格助詞
主格
「が」「ぬ」の二つがあります。日本語共通語の「が」に当たる言い方です。「が」は、指示語、代名詞など、特定のものを指す名詞につき、「ぬ」は普通名詞につきます。名詞によってはどちらでもいい場合もあります。
1.えー、はいんかいや ばが いかでぃ
2.くいんつきゃー かいがどぅ じゃうかい
3.あがい、あみぬどぅ っふぃってぃにゃーん
日本語共通語と同じく、状態を表す述語の対象を表すことができます。
4.ばー たくぬ なますぬどぅ ふぁうぶすかい
属格 「が」「ぬ」の二つがあります。「の」に当たる言い方です。主格と同じ形で、区別の仕方も主格と同じです。
1.うぬ さなぬどぅ ばが むぬ
2.んつぬ んなかう あいきや ならん
対格 「う」で表します。「を」に当たる言い方です。基本は「う」ですが、つく名詞の最後の音によりさまざまな形をとります。詳しくは[[:accusative|こちら]] を参照してください。
与格・位格
「ん」で表します。 共通語の「だれだれに」「どこどこに」「いついつに」の「に」に当たる言い方です。「いん(犬)」のように「ん」で終わる名詞につくときは「いんん」とならず、「いん」となります。
1.はいん んーぬ いびでぃ
2.いちゅふぬどぅ ちゅーがくぬ しーしん ないたい
3.さぶろーや じろーん ばうひー なっじゅらいたい
4.ひこーきゃー ひとぅいん ひとぅかいましか にゃーん
5.はなこー みはなぬどぅ んまん ゆー んーしゅー
〇共通語の「どこどこで」の「で」に当たる場合もあります。
6.よじたーひんな えきん まちうき
方向格
んかい 共通語の「へ」にあたる言い方ですが、「に」に近い使い方もします。
1.ひゃーひ いんかい いつぶすむぬ
2.んみゃ みゃーくんかいどぅ いきーうい
3.きーんかい ぬーらだうり
4.んまー あちゃ っゔぁんかい いじゃいが いつがまた
〇「ん いきー(に 行き)」が短縮されて助詞のようになった「んきー」という言い方もあります。
例 5.はいんきー んーぬ いびーくーでぃ
道具格
ひー 共通語の「で」に当たる言い方です。短く「ひ」と発音されることもあります。
共同格
とぅ 共通語の「と」に当たる言い方です。
1.っざとぅ ひとぅみ いきば
2.どぅすとぅ あそぅび
3.かずことぅ はなこー どぅす
出所格
から 共通語の「から」に当たる言い方です。情報源を表す意味もあり、共通語の「で」に当たります。
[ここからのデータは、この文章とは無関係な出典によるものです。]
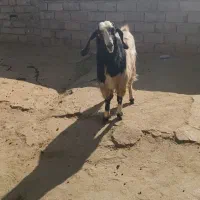 ساورین|حیوانات مزرعه|صحنه, |دیوار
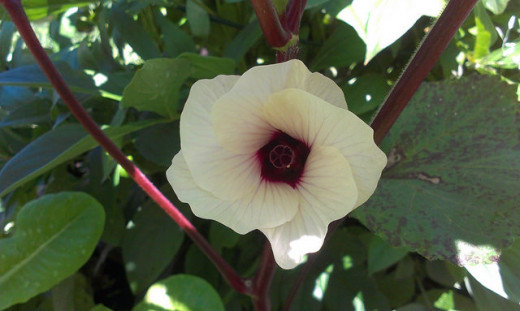 Okra "Burgundy" flower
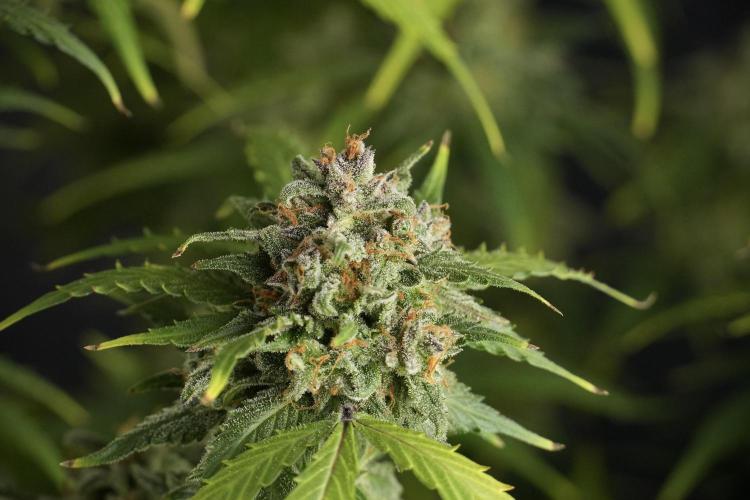 Amnesia Skunk The Zamnesia Way. Week 13 - Amnesia Skunk 12-12 from seed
1. はなこー ん゜ぬから やみどぅ にっゔぃーうい
2.さきゅーぎゃー まいからどぅ ちゅっふ
3.んまがー いつどぅ とーきょーから ふーが
4.てれびから みーたいそぅが
限界格 たーひー
共通語の「どこどこまで」「いついつまで」の「まで」にあたる言い方です。
1.うつなーたーひー いきーくーでぃ
2.すとぅむてぃから ゆさらびたーひー あそぅーたい
(朝から 晩まで 遊んだ)
共通語では「彼が来るまで待とう。」のように動詞の基本形を直接「まで」につけることができますが、池間方言では、「かいが ふーきゃたーひー」のように「きゃ(時)」をつけて「彼が来るときまで」のように言わなければいけません。「かいが ふーたーひー」とは言えません。
比較
んつきゃー 「より」に当たる言い方です。格助詞とは言えないかもしれませんがここに置きます。